A carbine from French carabine, is a long gun firearm but with a shorter barrel than a rifle or musket. Many carbines are shortened versions of full-length rifles, shooting the same ammunition, while others fire lower-powered ammunition, including types designed for pistols.
The smaller size and lighter weight of carbines make them easier to handle. They are typically issued to high-mobility troops such as special-operations soldiers and paratroopers, as well as to mounted, artillery, logistics, or other non-infantry personnel whose roles do not require full-sized rifles, although there is a growing tendency for carbines to be issued to front-line soldiers to offset the increasing weight of other issued equipment. An example of this is the US Army's M4 carbine, which is standard-issue.
The carbine was originally a lighter, shortened weapon developed for the cavalry. Carbines were short enough to be loaded and fired from horseback, but this was rarely done – a moving horse is a very unsteady platform, and once halted, a soldier can load and fire more easily if dismounted, which also makes him a smaller target (Napoleonic-era and earlier cavalry did fight from horseback, but they fought with sabers and large muzzle-loading horse pistols, so called because their large size meant they were most easily carried in a saddle holster, much like the later Colt-Walker revolver).

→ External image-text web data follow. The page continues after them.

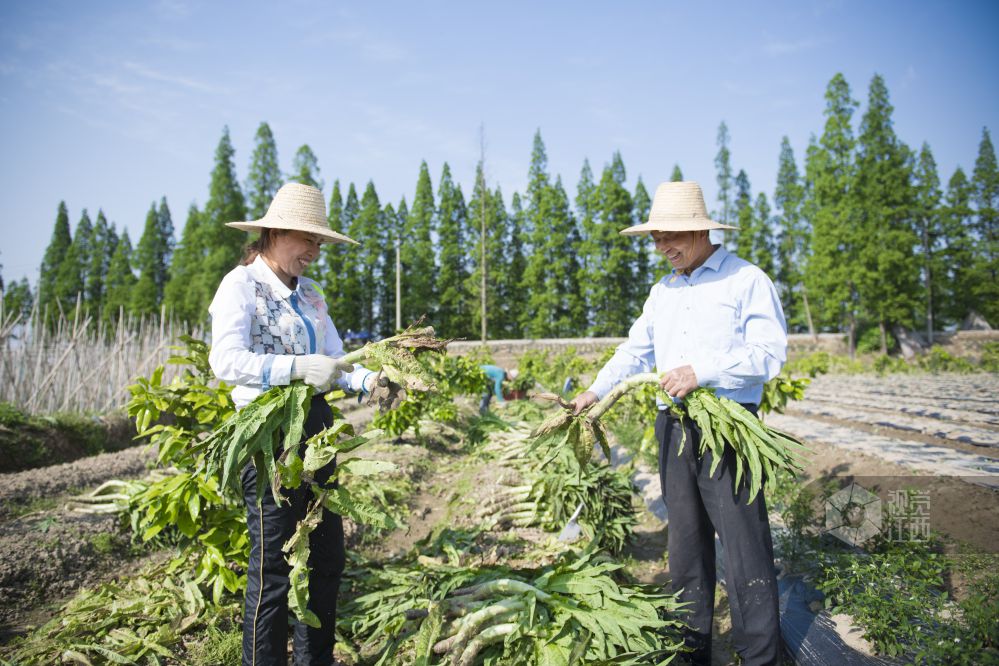 【致敬零点劳动者】系列报道：熊奉根的30余年卖菜路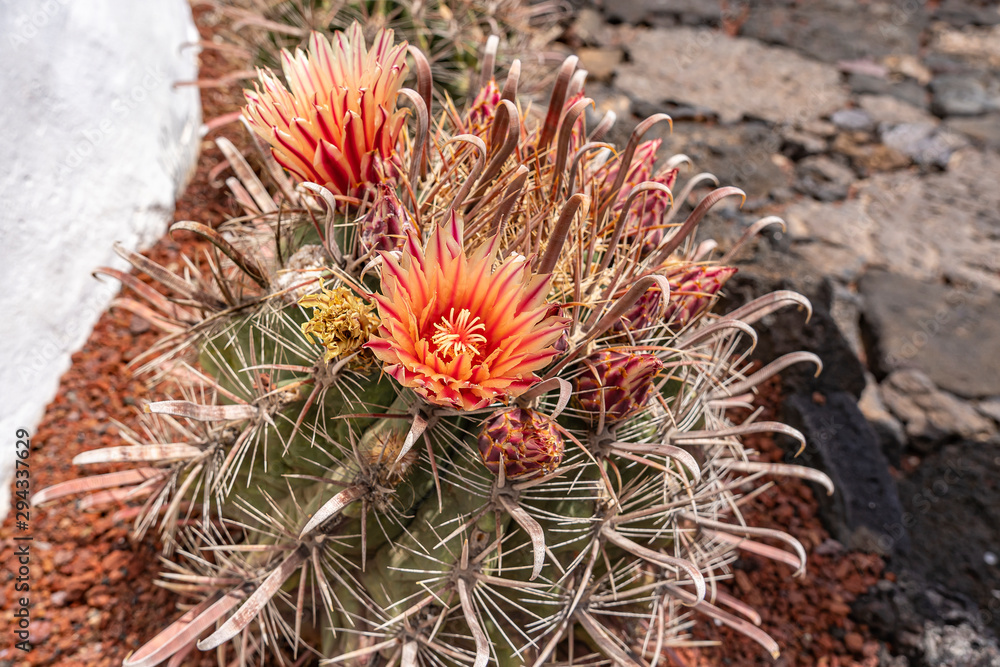 One of the many beautiful flowering cacti in the park Jardin de Cactus, Lanzarote, Spain One of the many beautiful flowering cacti in the park Jardin de Cactus, Lanzarote, Spain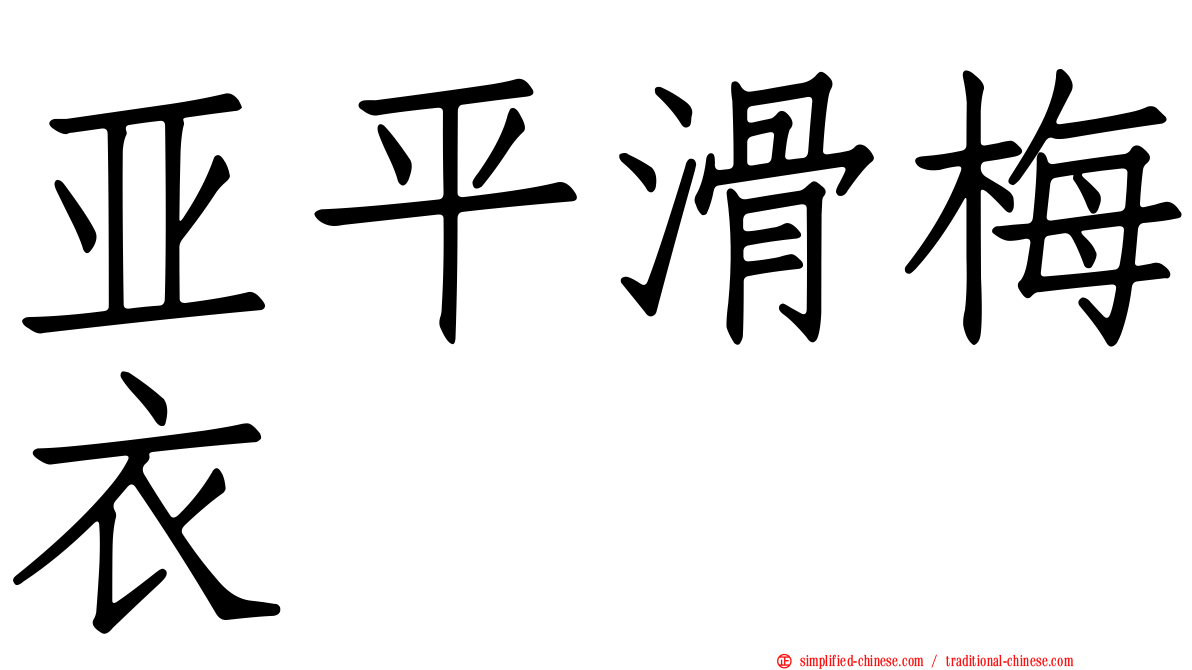 亚平滑梅衣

After the Napoleonic Wars, cavalry began fighting dismounted, using the horses only for greater mobility, an early form of what is today known as mechanized infantry. By the American Civil War, dismounted cavalry were mostly the rule. The principal advantage of the carbine was that its length made it very portable. Troops could carry full-length muskets comfortably enough on horseback if just riding from A to B (the practice of the original dragoons and other mounted infantry). Cavalry proper (a "Regiment of Horse") had to ride with some agility and engage in sword-wielding mel?es with opposing cavalry or pursue running infantry, so carrying anything long would be a dangerous encumbrance. A carbine was typically no longer than a sheathed sabre, and like a sheathed sabre was carried arranged to hang clear of the rider's elbows and horse's legs.